→ Your assignment: Copying rule for the data below: pictures stay out, and only the lines from the one with "Tidiga 1900-tals sänglinnebitar" down to the one with "Lightweight broom mini", inclusive, are repeated exactly.

→ Data supplied:
********
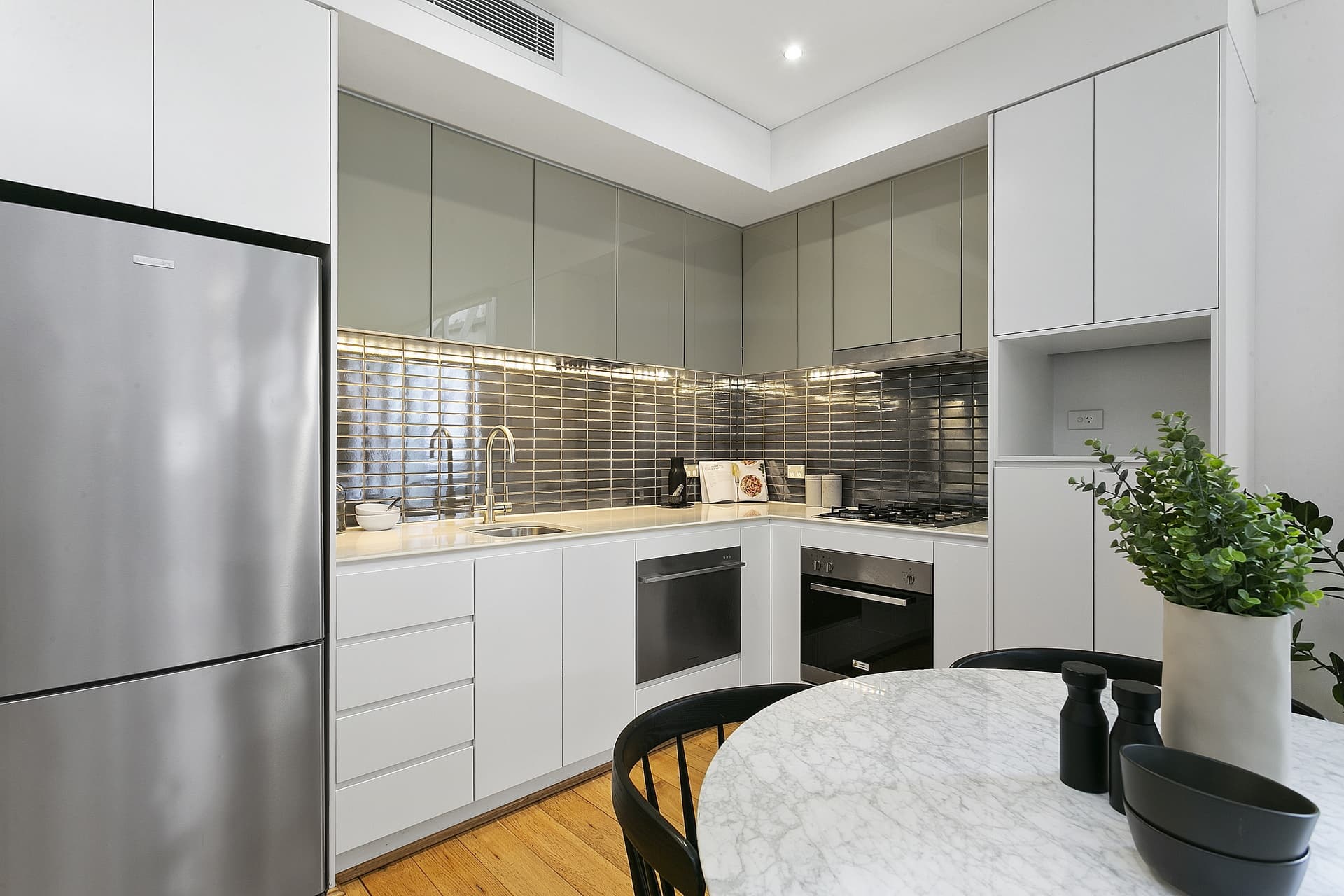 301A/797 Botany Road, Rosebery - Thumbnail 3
********
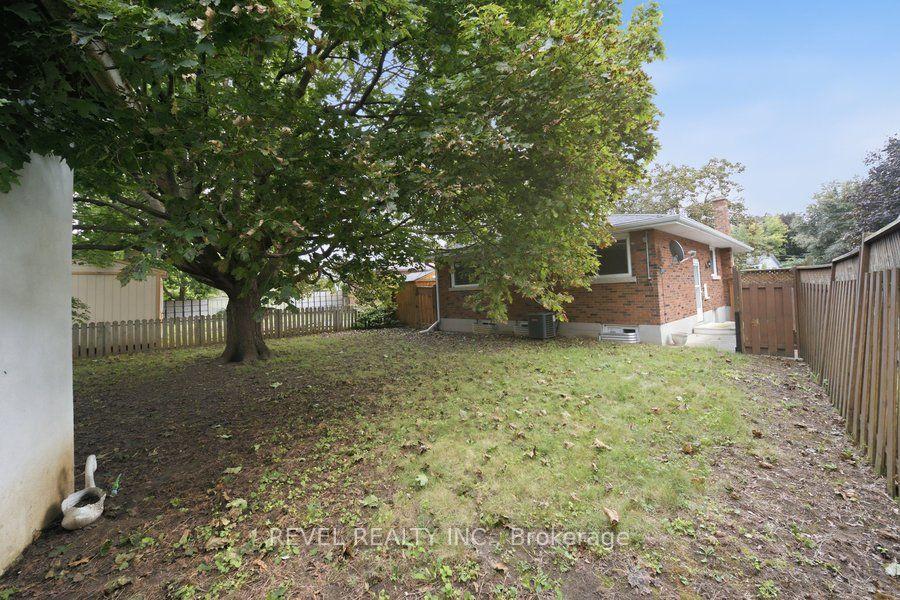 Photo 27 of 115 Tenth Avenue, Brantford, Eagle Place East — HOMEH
********
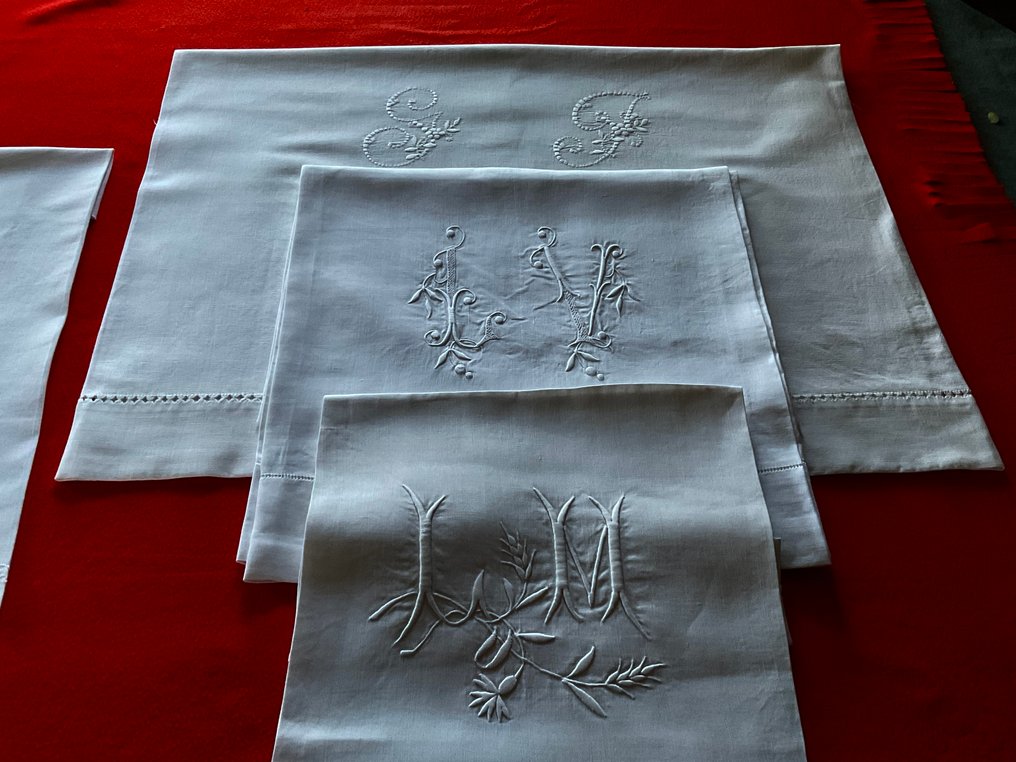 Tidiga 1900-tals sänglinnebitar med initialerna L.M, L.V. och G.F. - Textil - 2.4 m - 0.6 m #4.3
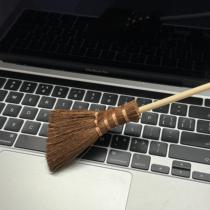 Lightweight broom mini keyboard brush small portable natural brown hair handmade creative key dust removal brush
********
→ Solved exercise:
 Tidiga 1900-tals sänglinnebitar med initialerna L.M, L.V. och G.F. - Textil - 2.4 m - 0.6 m #4.3
 Lightweight broom mini keyboard brush small portable natural brown hair handmade creative key dust removal brush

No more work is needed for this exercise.